Я возвращаюсь в квартиру и жду его до вечера. Иногда я играю сама с собой в какую-нибудь ролевую игру; стараюсь продолжить сюжет, развить характеры… Ночь медленно опускается на Париж, мне кажется, что я нахожусь в гигантском коконе, в замкнутом пространстве, где все, отгородившись от мира, играют в какую-то игру, каждый играет свою роль без заранее заданного текста, без правил. Когда Майкл приходит, я уже раздета и жду его голой в прихожей. Он почти всегда приносит подарок; как-то это была маленькая флейта, подаренная ему ирландцем-эмигрантом, в другой раз — необычная монета, брошенная кем-то в шляпу, или букетик бессмертников. Я прижимаю вечные цветы к груди, и вдруг мне по-детски кажется, что букетик символизирует нас. Я начинаю плакать и тащу его в комнату…
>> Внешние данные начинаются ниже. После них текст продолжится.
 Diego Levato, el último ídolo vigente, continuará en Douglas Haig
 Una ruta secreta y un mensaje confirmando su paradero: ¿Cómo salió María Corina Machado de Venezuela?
* * *Я снимаю шлем и шарф, цепочку с колечком, тем самым колечком, что я уронила на пол в тот день, когда мама упала в обморок в церкви; завязываю волосы узлом, снимаю красивый батник, подарок Майкла перед отъездом. На мне остаются только бикини-лифчик и джинсы. И сапоги, конечно, сапоги до колен… Бронзовая колонка кажется золотой, ее словно только что отполировали — ни пятна, ни царапины. Я поворачиваю кран — бежит вода, ясная, живая, словно серебро, словно предупреждение — исцеляющий и уносящий поток…
— Поторопись же, черт возьми! — кричит Майкл. — Мы же не можем весь день простоять у колонки!
Я щурюсь на него — он стоит, склонившись над мотоциклом, спина его освещена солнцем, отсюда он выглядит как двухмерная пластинка, отпечатавшаяся в воздухе на фоне грязного фасада придорожной таверны. Снова поворачиваюсь к колонке — пусть кричит. Вода… серебряная кровь земли, мощная перекрученная струя; я ставлю ладони вертикально, режу воду, как фрукт, и с блаженством ощущаю, как холодок бежит по телу легкими электрическими разрядами. На асфальте в брызгах воды неожиданно возникает крошечная радуга. Майкл подходит ко мне, точная копия самого себя, но почти не узнаваемая в ласковых цветах спектра.
— Да поторопись же, черт тебя, в конце концов, подери! — Он крепко берет меня за локоть.
— Отпусти, — говорю я спокойно. — Отпусти меня сейчас же. Ну?
Он разжимает пальцы, и рука его падает, тяжело раскачиваясь, как язык колокола.
— Прости, — бормочет он. — Я просто нервничаю. Мы должны пересечь границу до темноты.
— Тебе не в чем извиняться. Только не веди себя как какой-нибудь мудацкий опекун.
Майкл отворачивается. Я вижу, что он зол, и в то же время чувствует неловкость, старается овладеть собой. Мы не имеем права ссориться сейчас… да у нас и сил нет на ссоры.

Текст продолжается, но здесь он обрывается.